Early intervention is always best, before the family is in crisis. Elder Mediation can create the space for everyone to be heard. It can strengthen family ties and enable all family members to deal with the changes to their relationships and situation. It also allows family dynamics, including sibling rivalries, to be addressed at a time when everyone is calm and thoughtful decision-making can occur.
Elder Mediation can often involve not just family members but professionals like lawyers, geriatric care managers and financial planners. These professionals are encouraged to attend, as their expertise, coupled with their insights into the family's needs, are often very helpful. A core value of Elder Mediation is to protect the rights and the integrity of the senior. Elder mediators act as neutrals, but look to families to consider ways to maximize the senior's independence when possible.
Some family disputes reach the point where litigation proceedings have begun. Due to the adversarial nature of litigation, courtroom proceedings can destroy already fragile relationships. By employing mediation, families have an opportunity to keep their conflict out of the courtroom. Courts take control away from those who need to be involved in crafting the solution.
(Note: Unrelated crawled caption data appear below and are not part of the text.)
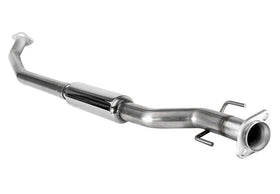 STILLEN MID PIPE 11-14 NISSAN JUKE AWD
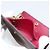 LOUIS VUITTON Monogram Multicles 6 Key Case Fuchsia M60701 LV Auth 186281V Fucsia Monograma - vista 23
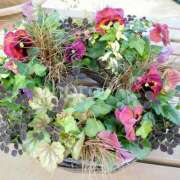 ヒメ日記 2025/01/18 21:54 投稿 川上あいり 五十路マダム 愛されたい熟女たち 高松店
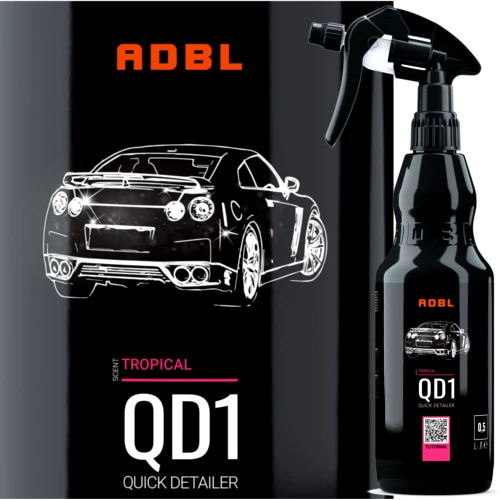 ADBL Interior QD 0,5L_1.png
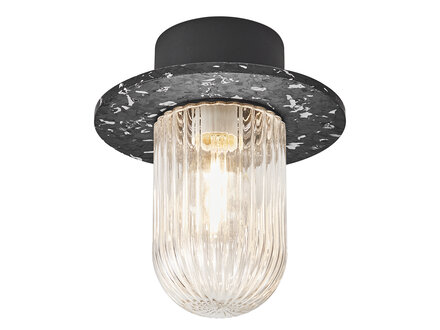 Nordlux Januka plafondlamp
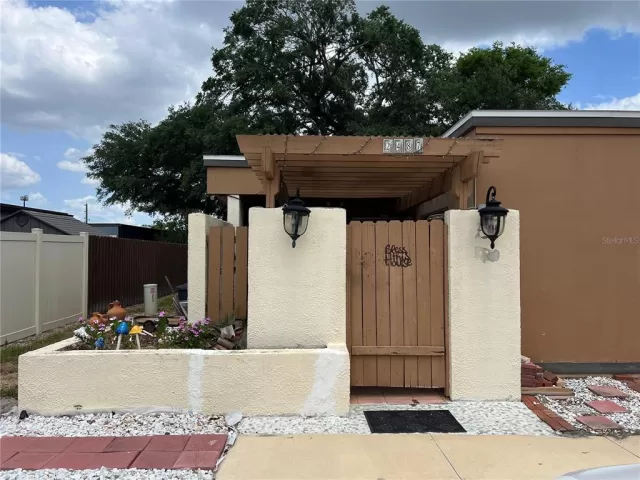 MLS: O6303931 Condo For Sale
When families go to court, even the "winners" sometimes feel like they have lost.
Issues related to aging parents are as varied as families themselves. Elder Mediation is appropriate for dealing with issues such as:
- Residency decisions – assisted living, remaining home, moving in with a relative
- Driving and other Safety Concerns – driving, transportation to medical appointments, social events, church and errands
- Caregiving duties – division of labor, caregiver burnout, cost of caregiving
- Financial concerns – division/sale of property, family-owned businesses or property
- Decision-Making Issues – guardianship/conservator contests or power of attorney
- End-of-Life Decisions – advanced directive, living will, organ donation preference, funeral preplanning, personal representative/executor preferences
- Wills, Trusts & Estates–planning, distribution of assets, & resolution of family disputes
Elder Mediation provides a forum for family decision-making. It is beneficial for families who are unable to engage constructively in difficult conversations about the care of aging loved ones.
During the mediation process, two or more parties meet with an impartial mediator (or co-mediators) who facilitates a focused conversation in which family members are encouraged to express their interests and concerns.
When Is Elder Mediation Not Appropriate
Elder Mediation is not appropriate and will not be allowed to continue if the mediator finds that there is coercion, abuse or neglect of the elder. In cases where the elder has cognitive impairment or other limitations in his or her ability to fully understand and take part in decision-making, the mediator will ask that an advocate for the elder be present for all conversations and participate in all decisions which would affect the senior. Someone such as an attorney, a social worker, or a geriatric care manager would be acceptable.